Michael Gerver cites the planet Venus as a caution about runaway greenhouse warming (Physics Today, September 2017, page 11). Apart from Venus’s being much closer to the Sun and having a very dense carbon dioxide atmosphere, another critical difference between Earth and Venus is highly relevant to our greenhouse effect but rarely mentioned: Earth has seasons; Venus does not.
The importance of seasons struck me when I was puzzling how IR radiation can escape from the tropopause into outer space.
In the troposphere, heat is transported upward by convection. First-year undergraduates are taught how to calculate the lapse rate—the temperature drop with altitude—by considering gas thermodynamics alone. But at the tropopause, the temperature ceases to fall with altitude and begins to rise again. The cause is UV heating from above.
Above the tropopause, convection is no longer a viable mechanism for vertical heat transport, and that is why the stratosphere is stratified. If heat is to escape into space from the tropopause, it is going to be by IR radiation. But there is a problem: greenhouse gases, such as CO2, which provide the IR. The CO2 concentration makes the mean free path quite short for a photon at the center of the molecule’s IR resonance. And with the temperature now rising, the net IR flux at that frequency is actually downward.
Nevertheless, IR radiation can cross the stratosphere at frequencies with a smaller CO2 cross section. Raymond T. Pierrehumbert alluded to that in an excellent feature article he wrote for Physics Today (January 2011, page 33). However, the restriction to off-resonance frequencies severely limits the amount of heat that can be shed into space.
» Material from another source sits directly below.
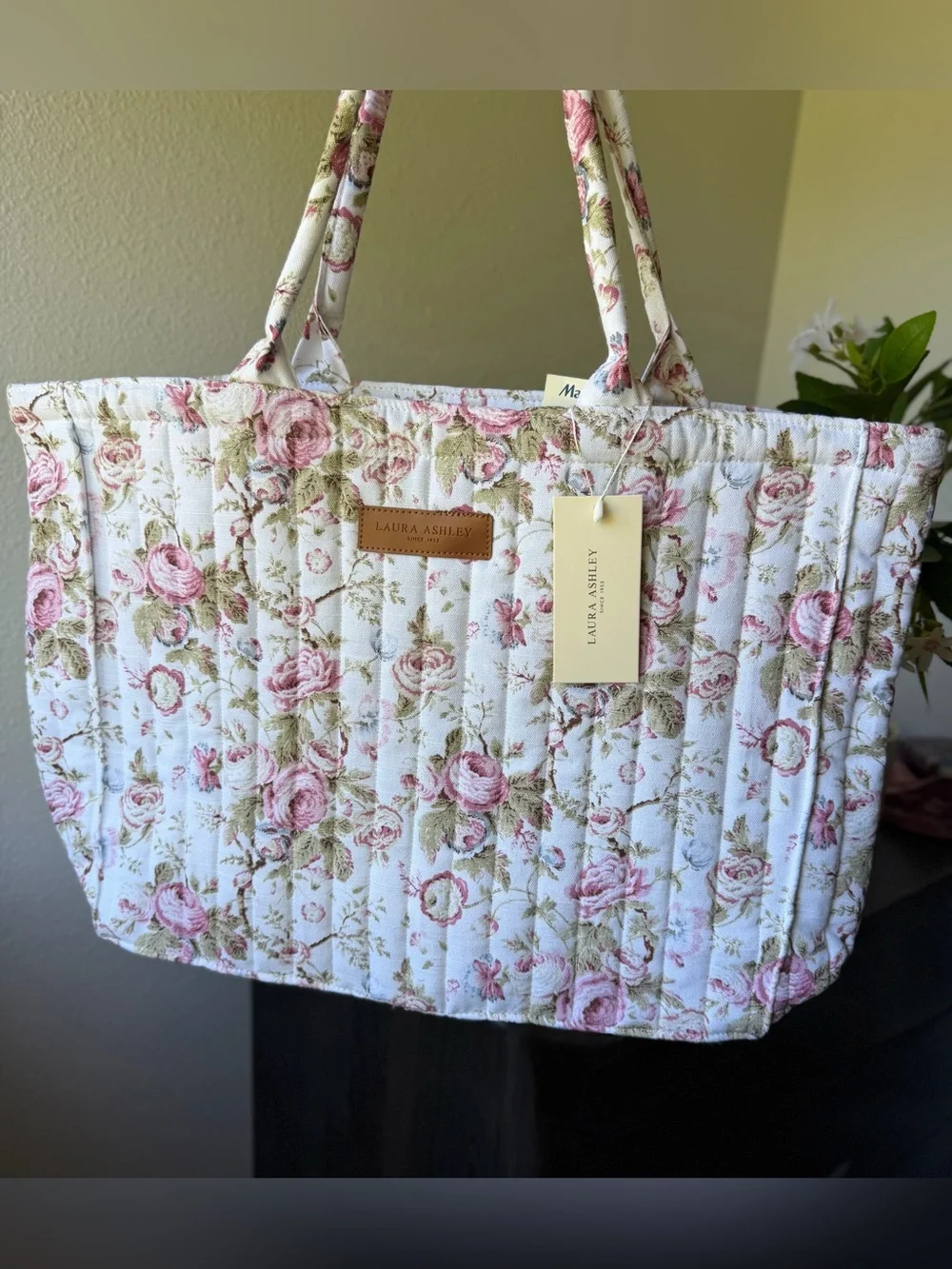Laura Ashley Uffington Roses Vintage-inspired Rose Floral Quilted Tote Bag
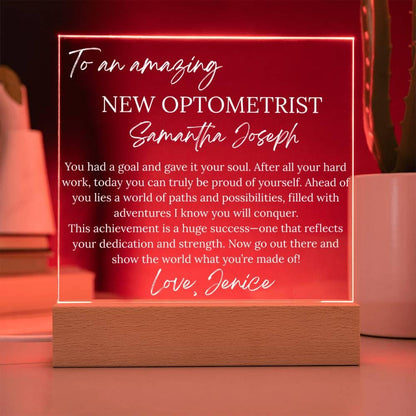 Personalized New Optometrist Gift Acrylic Plaque – Future Eye Doctor – view 10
In the case of Venus, the options essentially end there. Any extra heating at the surface will cause thermal runaway until some new mode of heat shedding is activated. For Venus, it would appear that the surface is hot enough for the temperature to fall monotonically with altitude all the way up.
Earth, however, has another savior: its shadow, which in winter shields the stratosphere near the poles and thus prevents UV heating from above. The temperature continues to fall with altitude, and IR radiation, even at the center of the CO2 resonance, can cross the stratosphere.
What is surprising is that the seasonal heat shedding receives so little attention.